The algorithm uses a look-up table (cache) to store the states that have already been found. Before calculating the estimated value V(s) for state s, we first check whether s is in cache. If it is then its cached value is returned. Otherwise, the network is evaluated for s and the value is saved in cache before being returned. When a new target value is computed for state s, it overwrites the current estimate V(s) in the cache. If a state is revisited then its cached value will be updated multiple times according to the TD update rule. After a certain period, the system is consolidated by training the network on the cache data.
The cascade network used was a variation of Cascor. It uses a sibling-descendant pool of candidates, which allows it to add hidden nodes to the same layer, as well as by adding more layers. The results of the Tic-Tac-Toe project showed that Cascor plays equally well or outperforms MLPs against all three built-in opponents:
random, basic and minimax. Interestingly, the structure of the Cascor networks does not become more complex as the strength of the player they are trained against is increased. This suggests that the same network structure is able to learn simple, as well as complex patterns (Rivest & Precup 2003).
A more detailed study of applying Cascor to TD learning was performed by Vamplew and Ollington in 2005. The proposed algorithm (Cascade-Sarsa) differs from Rivest and Precup in three aspects. The algorithm is online, meaning that the network is trained after each interaction with the environment. Secondly, Cascade-Sarsa uses eligibility traces. Finally, it is based on Cascade2, developed by Fahlman as reported in (Prechelt 1997). Although Cascor is effective for classification tasks, it experiences difficulties with regression tasks. This occurs because the correlation term forces hidden unit activations to extreme values, which prevents the network from producing smoothly varying output. Cascade2 differs from Cascor by training candidate units using the residual error as a target output (Vamplew & Ollington 2005a).

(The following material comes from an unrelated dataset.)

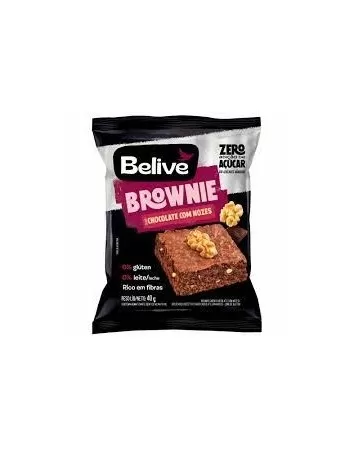 BELIVE BROWNIE CHOCOLATE COM NOZES ZERO DP 10X40G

Cascade-Sarsa was compared against three other networks, including MLP with a single hidden layer of neurons using asymmetric sigmoid activation functions. The networks were tested on three benchmark RL problems – Acrobot, Mountain-Car and Puddleworld (Vamplew & Ollington 2005b). These problems have been shown to be difficult to learn by MLPs (Boyan & Moore 1995). On Acrobot and Mountain-Car Cascade-Sarsa was significantly more successful than MLP on both on-line and off- line tests. However, Cascade-Sarsa failed on the Puddleworld problem, not even able to match the relatively poor on-line performance of MLP (Vamplew & Ollington 2005b).

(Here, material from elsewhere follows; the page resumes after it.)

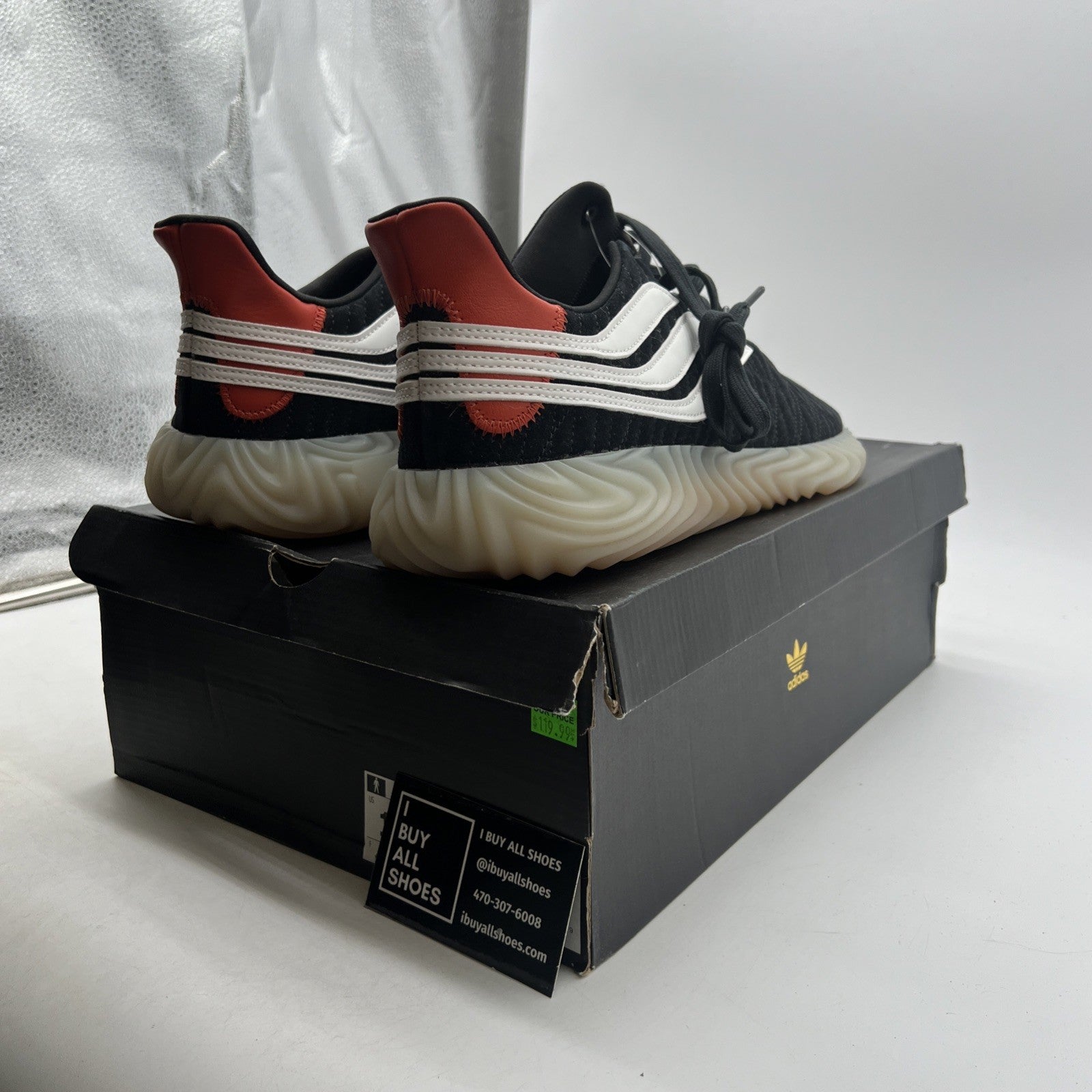 Size 13 - Adidas Sobakov Carbon (BD7563)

To explain this difference in performance we take a closer look at the problems being learnt. In both Acrobot and Mountain-Car tasks the decision boundaries are linear, and hence each boundary can be learnt by a single sigmoidal hidden unit. Naturally Cascade-Sarsa performs well on these tasks, because each candidate node can specialize on a single decision boundary. In contrast the Puddleworld task requires networks to learn localised regions within the input space, which cannot be achieved by a single candidate node used by Cascade-Sarsa (Vamplew & Ollington 2005b).